SECTION 131. Global Certificates.
A voucher may be issued for securities represented in global certificates in favor of persons having an interest therein, for the purposes and to the extent specified in subsection e) of section 129. The account lockout shall only affect those securities covered by the voucher/proof. Vouchers will be issued by the entity within or outside the country administering the collective deposit system in which the global certificates are registered. Whenever entities administering collective deposit systems have interests in global certificates registered with collective deposit systems administered by another entity, the vouchers may be issued directly by the former. The trustee, if any, in the event of global debt certificates will avail of the legitimacy referred to in subsection e) with the mere accreditation of its appointment.
Penalties and administrative proceedings
SECTION 132. Applicable fines
Any individual or legal person of any nature infringing provisions under this law and its regulations, without prejudice to any criminal or civil liability it may incur, will be subject to the following fines / sanctions:
a) Warning, which may be
accompanied by the obligation to publish the operative part of the resolution
in the Boletín Oficial de
b) A fine from five thousand pesos (ARS 5,000) to twenty million pesos (ARS 20,000,000), which could be raised to five times the profit gained or loss caused as a result of illegal actions, whichever is the greater;
c) Disqualification up to five (5) years to act as director, manager / administrator, trustee, member of the supervisory board, expertising accountant or external auditor or manager of authorized markets and of registered agents or of any other entity under control of the CNV;
d) Suspension up to two (2) years to make a public offer or, where appropriate, of the authority to act in the public offering environment.
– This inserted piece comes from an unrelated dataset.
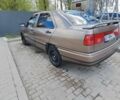 Бежевый Сеат Толедо, объемом двигателя 2 л и пробегом 393 тыс. км за 1150 $, фото 13 на Automoto.ua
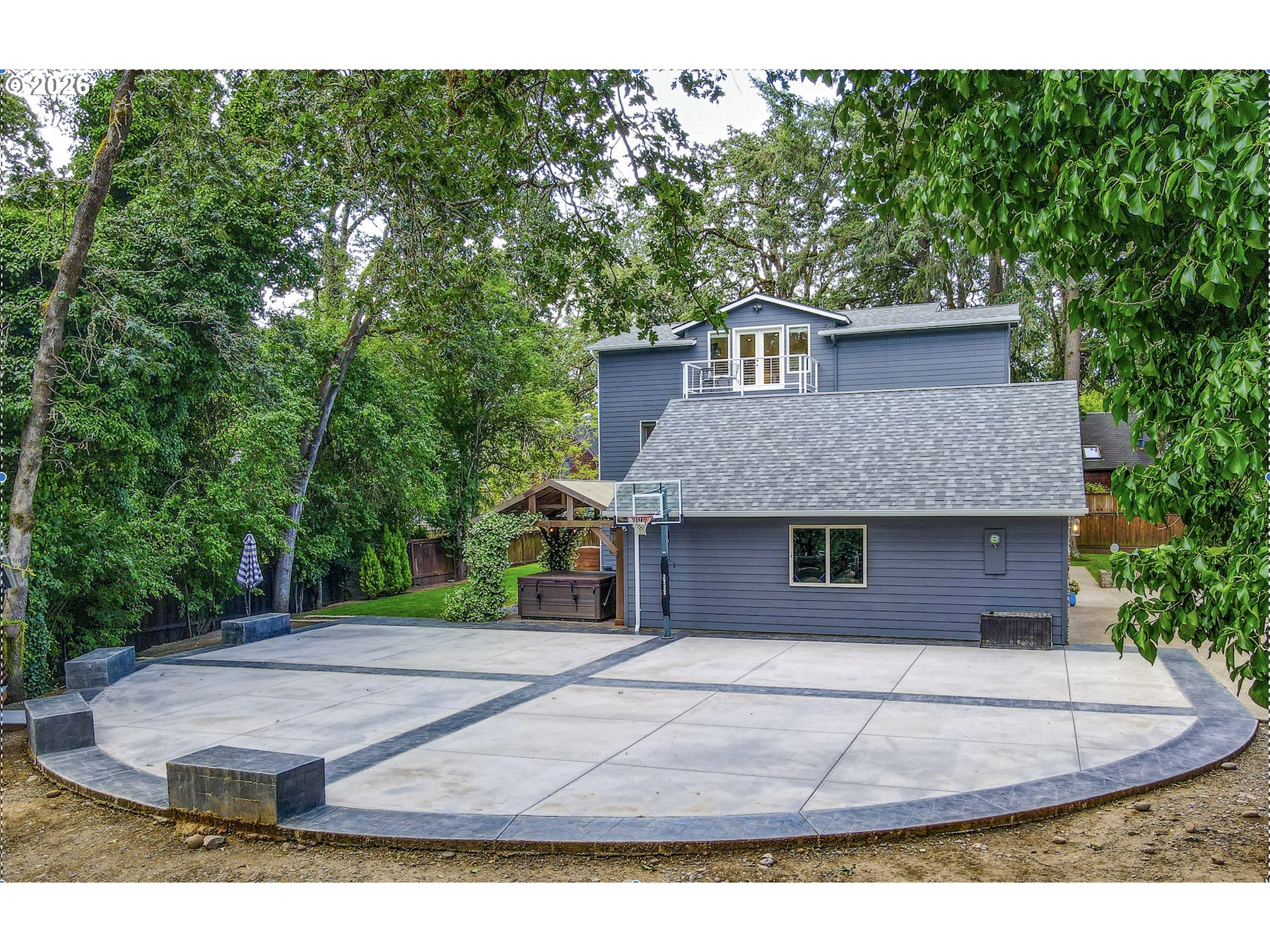 main property photo 45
As for mutual funds, it can only undertake common administrative acts and execute requests for redemption of units. To that end, it may sell the portfolio assets with the CNV control;
e) Prohibition to make public offering of securities or, where appropriate, banning on the authority to act in the public offering environment for securities.
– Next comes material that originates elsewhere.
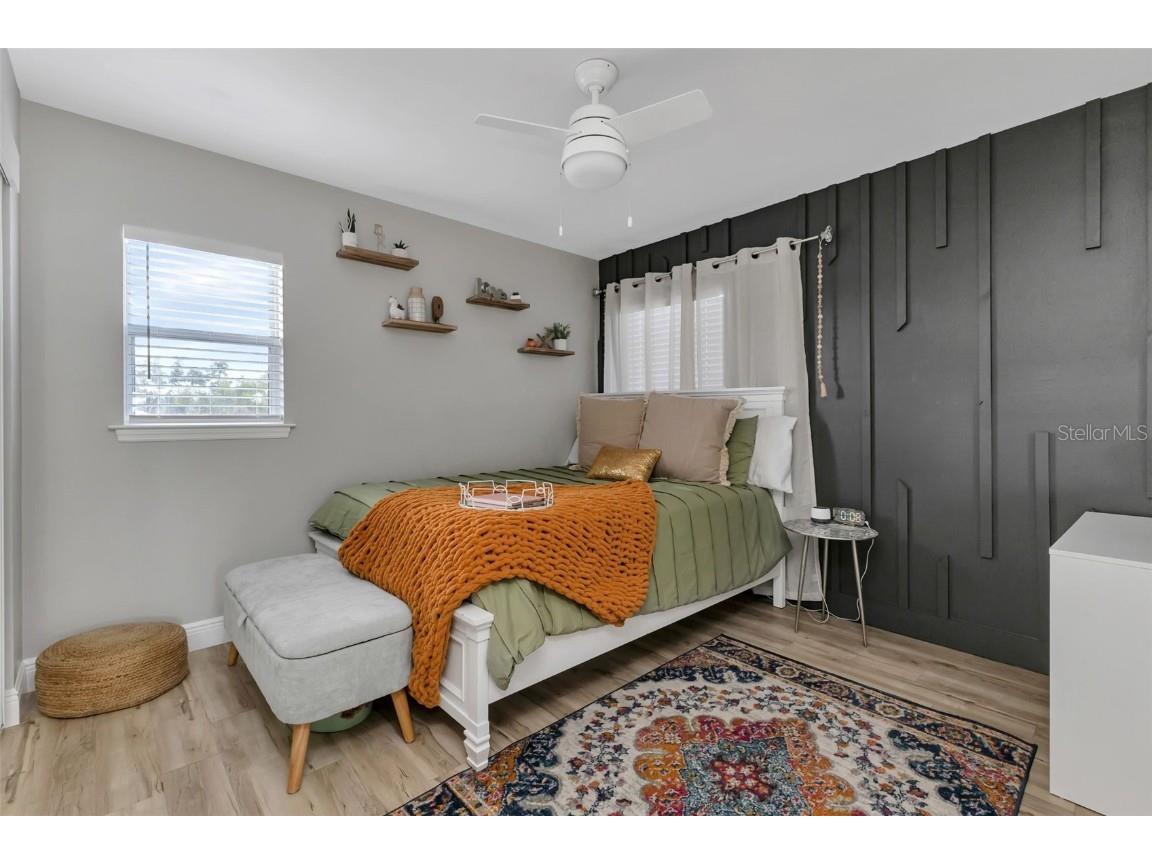 25393 Durango Court Punta Gorda FL 33955 O6277939 image26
SECTION 133. Standards for qualification
In order to fix the aforementioned sanctions the CNV shall take particular note of: the magnitude of the infringement, the profits or losses incurred by the offender, the offender's operating volume, the individual performance of the members of the management and supervisory bodies, and their link with the control group, in particular the nature of independent or outsider member of these bodies. In the event of legal persons, the directors, managers, trustees or members of the supervisory board and, where appropriate, managers and members of the qualification board with respect to whom an individual responsibility in committing punishable conducts has been determined, shall be jointly liable.
134. Interest on fines. Unpaid fines
shall accrue interest at the rate set by the Ministerio de Economía y Finanzas Públicas (Ministry of Economy and
Public Finance), which shall not exceed one and a half times the interest
imposed by Banco de
SECTION 135. Prescription. Prescription for actions resultant from infringements to the rules under this law, and of law 24,083 shall lapse six (6) years after occurrence of the relevant fact. This period shall be interrupted by the occurrence of another offense of whatever nature, and for the acts and proceedings inherent to the procedural approach of the case when initiated by a board resolution of the CNV. Prescription of the fine shall operate three (3) years from the date of notification of the penalty, or from the date when the penalty has become final after it was challenged, if any.
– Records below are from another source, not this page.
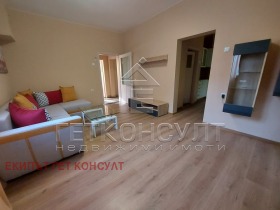    3- | Imot.bg    9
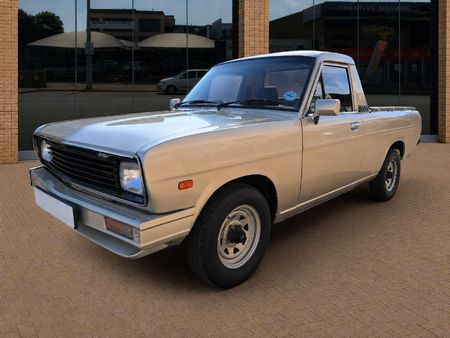 1999-Nissan-1400-5-spd_26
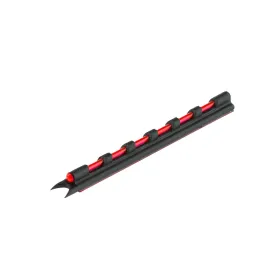 Guidon de fibre optique - Truglo Truglo guidon 91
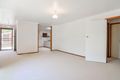 Property photo of 41 Copernicus Road Christie Downs SA 5164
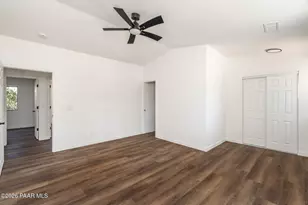 10375 E Oak Creek Valley Dr, Cornville, AZ 86325 - Photo 11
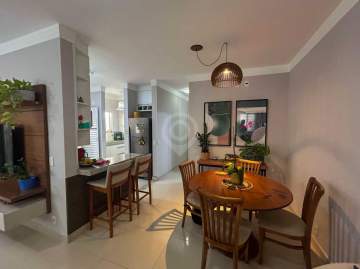 Condomínio Residencial Villa Veneto - Casa em Condomínio 3 quartos à venda Itatiba,SP Residencial Villa Veneto - R$ 1.150.000 - VICN30548 Condomínio Residencial Villa Veneto - Casa em Condomínio 3 quartos à venda Itatiba,SP Residencial Villa Veneto - R$ 1.150.000 - VICN30548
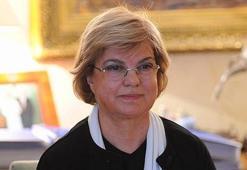 Tansu Çiller'e zorla getirilme kararı!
SECTION 136. Minimum guarantees. The penalties provided for in this part shall be applied by the board of the CNV, through an adequately substantiated resolution, after a summary proceeding substantiated through the procedure that CNV may establish.-----------------------------------------------------------------------------------
The administrative procedural principles and rules shall be of further application, and all proceedings shall be safeguarded under the transcript of the oral hearing records, for any possible review on appeal.
SECTION 137. Prejudiciality (Preliminary judgment). . The existence of cases to be heard in a criminal court regarding conducts described in this law, that could led also to convictions under such legislation shall not prevent the prosecution and completion of the processing of the respective case files in the CNV.
SECTION 138. - Processing. Approach of the case will be in charge of another instrumentality of the CNV, separately and independently of that to make the proposal for charges. By the end of the hearing, the examining instrumentality shall raise the proceedings to the board of directors together with its recommendations, for its consideration and decision thereon. The resolutions by the CNV to carry out preliminary criminal proceedings, and during the proceeding will be non appealable but may be challenged through the institution of the appropriate appeal, in the case of an appeal against the final decision.
Prior to the period to produce evidence in the inquisitorial system, holding of a preliminary hearing should be considered where additionally to explanations required it should seek to reduce dissent on matters of fact, concentrating different steps of the procedure that have the potential of the principles of concentration, procedural economy and immediacy.
SECTION 139. Complainant. Whenever the proceedings are initiated by complaint with the CNV, the complainant shall not be deemed part of the procedure, and may not have access to the proceedings.
SECTION 140. Fast-track procedure (procedimiento abreviado)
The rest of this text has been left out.